Dr Chris Butler, senior lecturer in general practice at the University of Wales College of Medicine, who is an expert in community infection, said the results were "another little bit of evidence that we are sitting on a timebomb".
Dr Butler said that both patients and doctors needed to use antibiotics sensibly. "Evidence shows that 80 per cent of antibiotics are prescribed in GP surgeries and that half of these prescriptions are unnecessary," he said.
In the UK, Dr Nielsen said, the rise in MRSA in the community was a result of faster hospital discharge, home care for cancer patients, and home kidney dialysis. GPs were also now more aware of the disease.

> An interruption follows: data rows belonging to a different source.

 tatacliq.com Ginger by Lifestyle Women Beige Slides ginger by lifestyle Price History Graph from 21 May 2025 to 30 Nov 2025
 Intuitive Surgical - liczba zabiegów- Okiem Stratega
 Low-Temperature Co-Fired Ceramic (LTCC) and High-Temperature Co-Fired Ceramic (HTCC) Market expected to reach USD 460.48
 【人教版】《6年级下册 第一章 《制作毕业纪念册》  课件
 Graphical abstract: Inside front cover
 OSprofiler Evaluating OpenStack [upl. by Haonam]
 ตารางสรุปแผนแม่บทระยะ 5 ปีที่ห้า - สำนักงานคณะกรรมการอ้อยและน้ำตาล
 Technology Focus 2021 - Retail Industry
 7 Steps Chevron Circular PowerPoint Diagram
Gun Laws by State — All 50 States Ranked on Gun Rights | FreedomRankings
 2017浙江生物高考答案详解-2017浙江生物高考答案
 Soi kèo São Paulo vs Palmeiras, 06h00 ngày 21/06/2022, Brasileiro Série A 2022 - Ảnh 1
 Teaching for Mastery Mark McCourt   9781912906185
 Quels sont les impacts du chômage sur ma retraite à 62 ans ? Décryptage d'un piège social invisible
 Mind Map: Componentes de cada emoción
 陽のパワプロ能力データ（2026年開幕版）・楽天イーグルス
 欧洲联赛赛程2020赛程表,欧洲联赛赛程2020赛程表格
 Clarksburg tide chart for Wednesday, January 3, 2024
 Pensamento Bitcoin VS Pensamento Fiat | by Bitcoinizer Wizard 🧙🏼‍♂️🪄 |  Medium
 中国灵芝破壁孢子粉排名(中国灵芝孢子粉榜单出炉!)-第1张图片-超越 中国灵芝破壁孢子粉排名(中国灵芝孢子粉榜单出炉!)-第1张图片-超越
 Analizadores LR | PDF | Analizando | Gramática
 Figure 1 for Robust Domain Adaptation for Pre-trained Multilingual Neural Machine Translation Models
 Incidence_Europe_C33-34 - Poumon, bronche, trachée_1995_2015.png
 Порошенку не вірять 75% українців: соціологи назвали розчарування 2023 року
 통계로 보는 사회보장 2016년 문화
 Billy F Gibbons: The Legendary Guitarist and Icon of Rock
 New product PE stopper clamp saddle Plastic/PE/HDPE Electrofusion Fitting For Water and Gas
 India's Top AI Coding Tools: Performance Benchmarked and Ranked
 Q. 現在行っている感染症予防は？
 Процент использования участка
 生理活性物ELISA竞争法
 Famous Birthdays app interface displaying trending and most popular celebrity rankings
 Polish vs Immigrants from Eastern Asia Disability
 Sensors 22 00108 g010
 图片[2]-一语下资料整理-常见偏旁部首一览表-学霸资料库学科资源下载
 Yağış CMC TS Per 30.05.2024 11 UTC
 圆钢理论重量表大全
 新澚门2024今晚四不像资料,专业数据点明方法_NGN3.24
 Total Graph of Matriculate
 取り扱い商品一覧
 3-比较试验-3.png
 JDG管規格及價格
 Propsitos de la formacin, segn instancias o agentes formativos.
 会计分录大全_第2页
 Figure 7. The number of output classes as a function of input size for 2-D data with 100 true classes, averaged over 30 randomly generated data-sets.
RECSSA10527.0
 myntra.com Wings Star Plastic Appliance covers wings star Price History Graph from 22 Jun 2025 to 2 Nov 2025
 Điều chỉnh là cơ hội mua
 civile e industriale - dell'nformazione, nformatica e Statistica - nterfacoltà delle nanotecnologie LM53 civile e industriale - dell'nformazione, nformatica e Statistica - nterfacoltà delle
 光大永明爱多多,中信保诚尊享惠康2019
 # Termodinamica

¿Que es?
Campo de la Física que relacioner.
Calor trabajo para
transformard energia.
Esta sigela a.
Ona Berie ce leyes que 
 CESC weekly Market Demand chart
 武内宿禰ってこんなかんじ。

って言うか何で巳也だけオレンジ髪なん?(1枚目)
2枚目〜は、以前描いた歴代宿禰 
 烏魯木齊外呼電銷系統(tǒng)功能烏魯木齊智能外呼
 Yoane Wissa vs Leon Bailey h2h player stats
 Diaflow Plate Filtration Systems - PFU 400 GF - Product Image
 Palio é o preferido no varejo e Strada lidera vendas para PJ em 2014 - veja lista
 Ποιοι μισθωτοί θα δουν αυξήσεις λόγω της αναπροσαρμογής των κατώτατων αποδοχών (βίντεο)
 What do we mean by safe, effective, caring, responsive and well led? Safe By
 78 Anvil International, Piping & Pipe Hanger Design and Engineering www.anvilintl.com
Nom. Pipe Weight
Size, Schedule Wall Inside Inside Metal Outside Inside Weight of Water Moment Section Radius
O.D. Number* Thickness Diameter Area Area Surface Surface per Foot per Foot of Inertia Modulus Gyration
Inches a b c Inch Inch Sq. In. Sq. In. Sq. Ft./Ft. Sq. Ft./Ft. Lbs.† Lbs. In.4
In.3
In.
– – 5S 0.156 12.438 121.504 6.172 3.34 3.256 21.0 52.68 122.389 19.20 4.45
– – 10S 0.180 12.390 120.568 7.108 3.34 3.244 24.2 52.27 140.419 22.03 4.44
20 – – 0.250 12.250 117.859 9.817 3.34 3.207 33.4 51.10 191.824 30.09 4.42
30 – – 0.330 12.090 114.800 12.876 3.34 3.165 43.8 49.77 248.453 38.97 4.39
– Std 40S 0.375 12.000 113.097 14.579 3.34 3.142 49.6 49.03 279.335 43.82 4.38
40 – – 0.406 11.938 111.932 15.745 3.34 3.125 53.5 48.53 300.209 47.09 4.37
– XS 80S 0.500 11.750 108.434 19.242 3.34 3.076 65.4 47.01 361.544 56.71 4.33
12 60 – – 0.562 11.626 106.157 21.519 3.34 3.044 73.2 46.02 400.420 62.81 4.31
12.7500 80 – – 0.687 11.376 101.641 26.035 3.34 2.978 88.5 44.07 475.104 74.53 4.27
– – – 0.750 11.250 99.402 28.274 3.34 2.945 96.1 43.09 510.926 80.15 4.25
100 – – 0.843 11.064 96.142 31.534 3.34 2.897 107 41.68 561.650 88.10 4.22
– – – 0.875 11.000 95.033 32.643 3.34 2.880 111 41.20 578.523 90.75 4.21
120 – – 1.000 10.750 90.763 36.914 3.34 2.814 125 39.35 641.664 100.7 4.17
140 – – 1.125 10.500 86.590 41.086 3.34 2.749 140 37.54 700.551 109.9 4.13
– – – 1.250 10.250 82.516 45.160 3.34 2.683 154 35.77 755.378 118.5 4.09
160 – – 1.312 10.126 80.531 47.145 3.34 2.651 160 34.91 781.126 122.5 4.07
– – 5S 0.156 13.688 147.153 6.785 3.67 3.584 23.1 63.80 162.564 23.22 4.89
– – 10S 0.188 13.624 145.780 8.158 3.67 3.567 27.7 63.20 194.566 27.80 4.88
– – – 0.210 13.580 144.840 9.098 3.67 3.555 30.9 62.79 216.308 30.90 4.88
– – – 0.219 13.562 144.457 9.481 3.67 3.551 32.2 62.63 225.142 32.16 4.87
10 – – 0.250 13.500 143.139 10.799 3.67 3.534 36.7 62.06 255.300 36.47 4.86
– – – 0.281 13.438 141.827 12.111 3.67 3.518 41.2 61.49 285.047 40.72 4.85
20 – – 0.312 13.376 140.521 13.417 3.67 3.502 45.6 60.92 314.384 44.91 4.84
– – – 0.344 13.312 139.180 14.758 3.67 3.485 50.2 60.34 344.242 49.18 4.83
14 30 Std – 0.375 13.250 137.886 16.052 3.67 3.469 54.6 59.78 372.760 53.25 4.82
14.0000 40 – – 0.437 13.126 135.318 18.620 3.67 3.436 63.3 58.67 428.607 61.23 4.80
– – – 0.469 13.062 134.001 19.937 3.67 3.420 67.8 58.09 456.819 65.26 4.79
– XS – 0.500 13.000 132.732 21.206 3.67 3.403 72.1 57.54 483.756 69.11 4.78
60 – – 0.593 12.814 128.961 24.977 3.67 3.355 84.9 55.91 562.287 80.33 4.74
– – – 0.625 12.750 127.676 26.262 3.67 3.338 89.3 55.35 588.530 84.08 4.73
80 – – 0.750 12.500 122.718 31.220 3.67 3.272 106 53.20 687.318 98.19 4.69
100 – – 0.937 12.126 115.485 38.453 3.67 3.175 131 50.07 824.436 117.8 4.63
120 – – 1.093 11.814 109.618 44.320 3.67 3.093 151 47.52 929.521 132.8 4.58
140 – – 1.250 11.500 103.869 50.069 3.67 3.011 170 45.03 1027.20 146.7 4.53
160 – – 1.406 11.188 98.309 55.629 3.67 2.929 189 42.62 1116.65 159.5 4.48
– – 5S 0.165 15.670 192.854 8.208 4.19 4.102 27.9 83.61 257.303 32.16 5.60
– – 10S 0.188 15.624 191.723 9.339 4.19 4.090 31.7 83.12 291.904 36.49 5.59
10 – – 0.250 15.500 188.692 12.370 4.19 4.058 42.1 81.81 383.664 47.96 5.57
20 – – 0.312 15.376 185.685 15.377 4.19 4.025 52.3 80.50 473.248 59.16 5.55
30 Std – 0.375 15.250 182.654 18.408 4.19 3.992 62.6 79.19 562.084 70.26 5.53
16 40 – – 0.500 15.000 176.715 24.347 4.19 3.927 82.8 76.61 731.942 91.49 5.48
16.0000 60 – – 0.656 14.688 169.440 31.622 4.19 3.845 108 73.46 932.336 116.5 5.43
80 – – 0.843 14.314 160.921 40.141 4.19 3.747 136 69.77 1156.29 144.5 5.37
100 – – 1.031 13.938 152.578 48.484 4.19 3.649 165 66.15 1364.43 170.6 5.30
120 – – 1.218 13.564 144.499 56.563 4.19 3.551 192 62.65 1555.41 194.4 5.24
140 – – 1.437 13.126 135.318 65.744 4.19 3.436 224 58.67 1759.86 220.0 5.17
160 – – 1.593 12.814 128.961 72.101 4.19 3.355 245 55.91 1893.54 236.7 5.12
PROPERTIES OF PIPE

However, Dr Barry Cookson, of the Central Public Health Laboratory, said: "It is not a great risk to healthy people and simple hygiene procedures such as proper handwashing can keep it at bay."
In the USA, MRSA has claimed the lives of four children in the past 18 months. Two of these lived in rural American Indian communities and two were white children from big cities. None of the victims had been in contact with hospitals.
The Centre for Disease Control in Atlanta subsequently checked 112 patients with infections and found that more than half had MRSA. Only a quarter of the MRSA patients had been in hospital or long-term care.
American experts do not know how the children were infected. One theory is that the bacteria mutated into a form that can lie dormant in the community and attack vulnerable people opportunistically.
Dr Nielsen will publish his findings in the British Medical Journal in the autumn.